One of the myths doing the rounds is that drinking water frequently will reduce infection, but Dr Wiles said there is no truth in that.

But something that does work is 'social distancing' or keeping a distance between people to stop the spread of the virus, she said.

Dr Siouxsie Wiles

Dr Siouxsie Wiles Photo: University of Auckland

That's despite reports on Facebook that 'social distancing' does not work.

Dr Wiles said several studies have just been published showing how successful social distancing is.

"It can take lots of different forms, so one form of social distancing is that we all just start maintaining a little bit further contact from each other, so things like we say goodbye to the hugs and the kisses and the hongi for a little bit and we do what are called elbow bumps, so you bump your elbows instead."

Social distancing also includes major things such as having to cancel big social events, Dr Wiles said.

Masks are fabulous when you have symptoms and you need to reduce the amount of spread of your droplets, Dr Wiles said.

But she warned masks tend not to work for those who have no symptoms and are not used to them.

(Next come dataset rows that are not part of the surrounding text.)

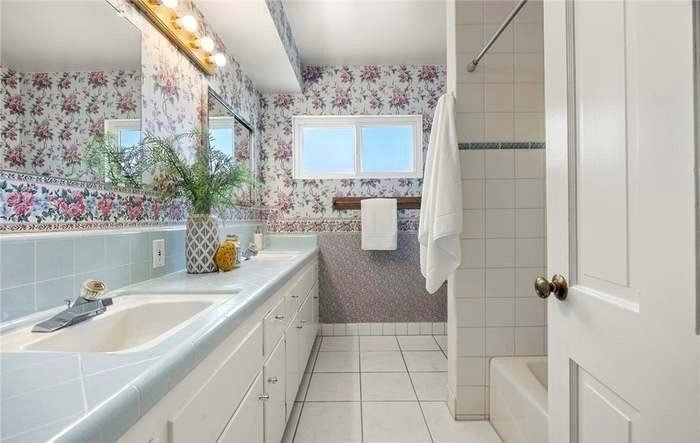 723 Rainbow Dr - Photo 5 of 15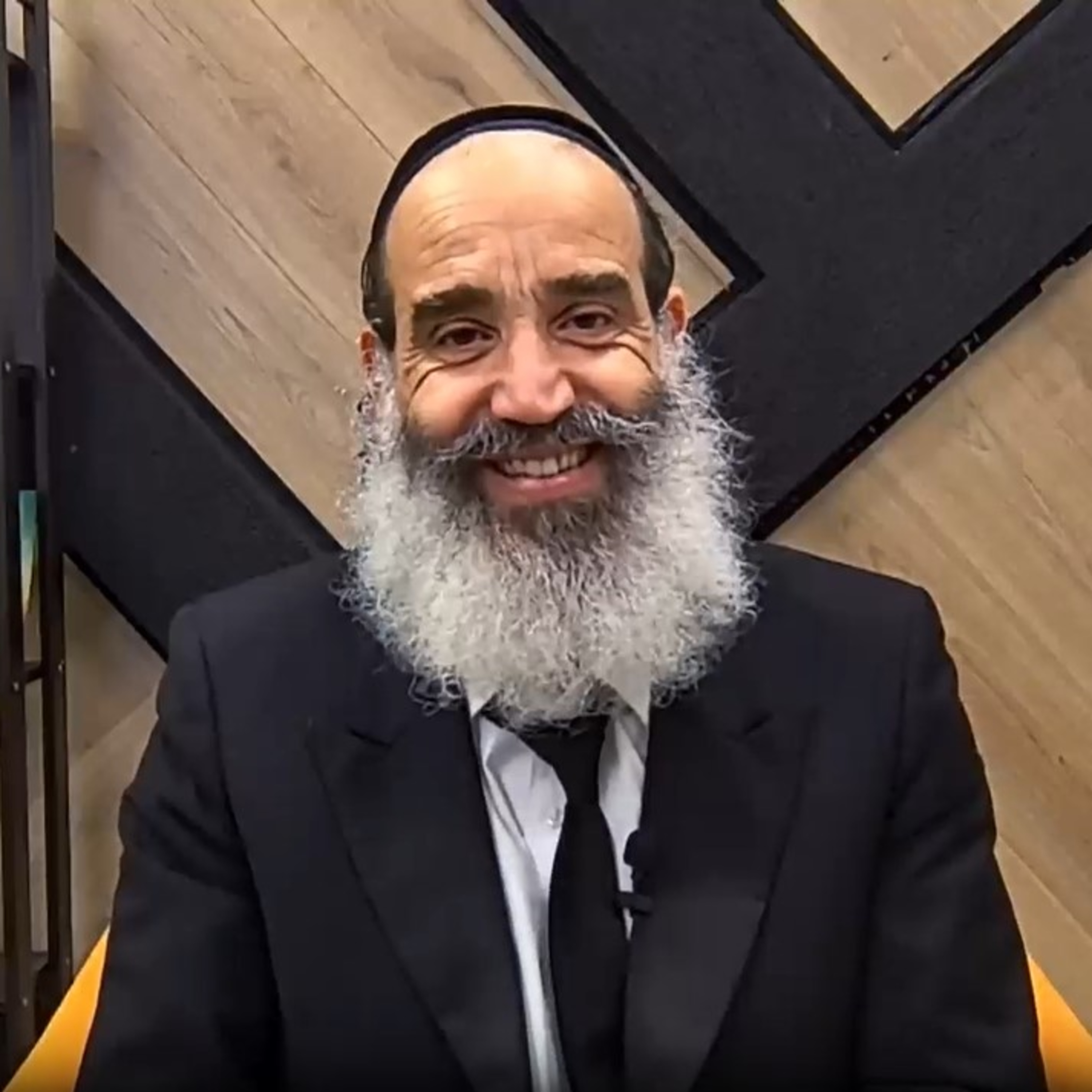 הרב יצחק פנגר עם השראה יומית: "התמודדות מול אכזבות" episode artwork
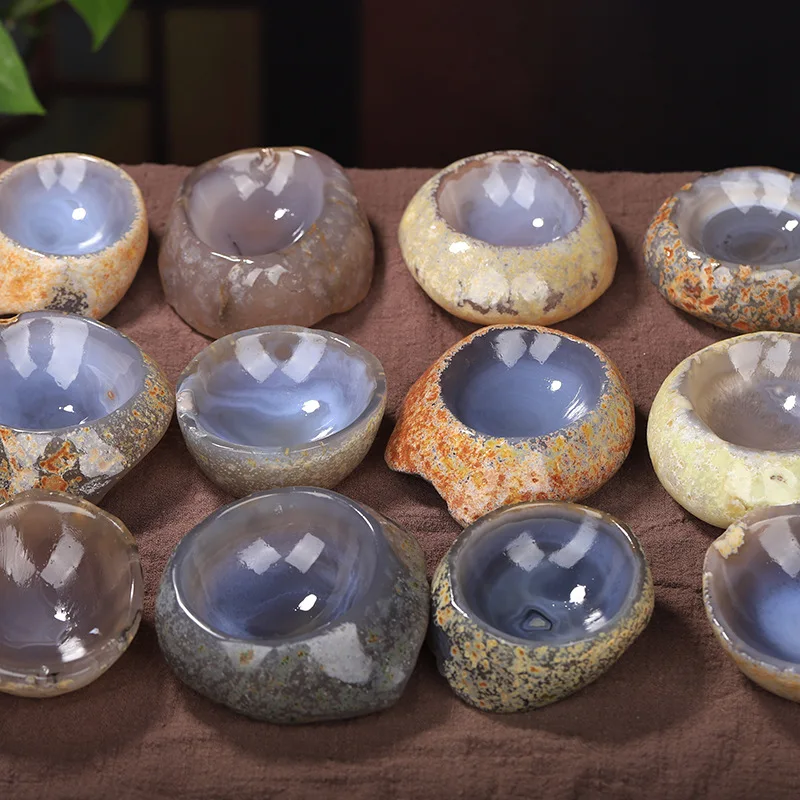 

Natural Agate Original Stone Ashtray Simple Original Ecological Jade Bowl Crystal Chalcedony Utensil Cup Home Desktop Decoration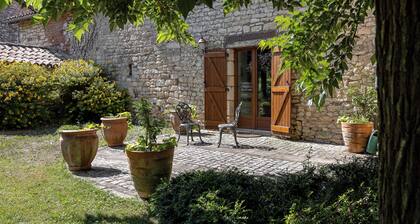 Mas Combefa, a haven of serenity between history and nature.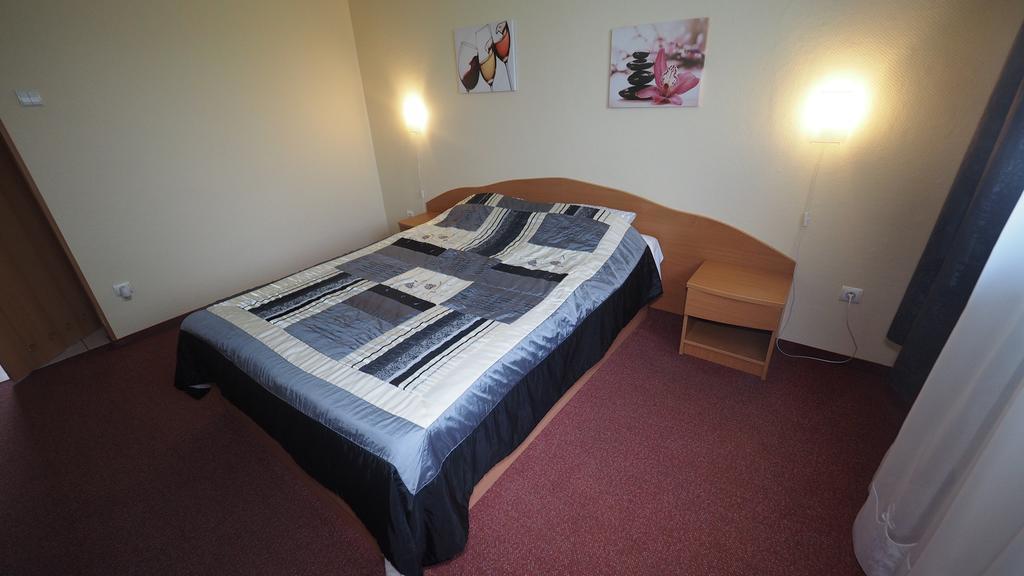 Karat Bed and Breakfast Malbork Buitenkant foto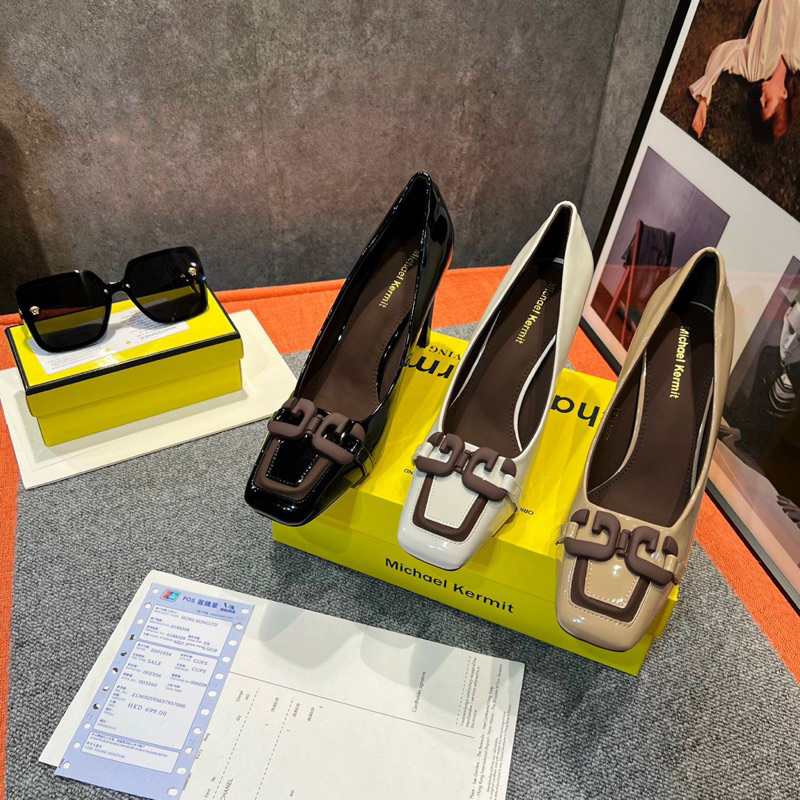 Giày cao gót da bóng ,đế dẹt cao 8cm,mũi vuông. Hàng quảng châu cao cấp có hộp đựng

"What happens with them is that they're much more likely to fiddle with their face and then if you do have virus on your fingers, you're more likely to introduce it."

She said masks can make people less cautious than they should be because they think they are more protected.

Dr Wiles said the virus is not weather dependant and will only disappear when everyone who has been infected has got through the cycle and no more people become infected.

She said a recent paper states that Covid-19 can remain on plastic and stainless steel surfaces for up to about three days and less than that for other types of surfaces.

It was important to wash your hands after touching anything that has been used by others, such as shopping trolleys, Dr Wiles said.

Dr Wiles said it was worth getting a cover for smartphones because it allows them to be cleaned more easily.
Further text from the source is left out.